On 2020-08-05 19:55:49 -0400, Alvaro Herrera wrote: > ... which means the flag I had added two days earlier has never been > used for anything. We've carried the flag forward to this day for > almost 13 years, dutifully turning it on and off ... but never checking > it anywhere. > > I propose to remove it, as in the attached patch.
I'm mildly against that, because I'd really like to start making use of the flag. Not so much for cancellations, but to avoid the drastic impact analyze has on bloat. In OLTP workloads with big tables, and without disabled cost limiting for analyze (or slow IO), the snapshot that analyze holds is often by far the transaction with the oldest xmin.
It's not entirely trivial to fix (just ignoring it could lead to detoasting issues), but also not that.

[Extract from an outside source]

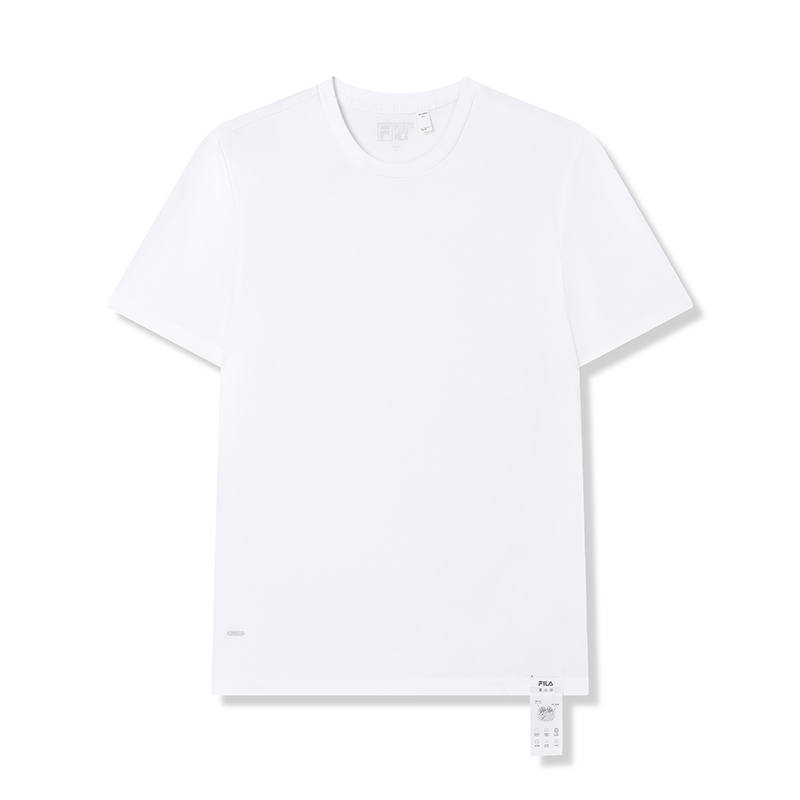 FILA WHITE T Shirt Men's Standard White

Only mildly against because it'd not be hard to reintroduce once we need it.
Good points, both.
The most obvious way to avoid long analyze snapshots is to make the analysis take multiple snapshots as it runs, rather than try to invent some clever way of ignoring the analyze snapshots (which as Alvaro points out, we never did). All we need to do is to have an analyze snapshot last for at most N rows, but keep scanning until we have the desired sample size. Doing that would mean the analyze sample wouldn't come from a single snapshot, but then who cares? There is no requirement for consistency - the sample would be arguably *more* stable because it comes from multiple points in time, not just one.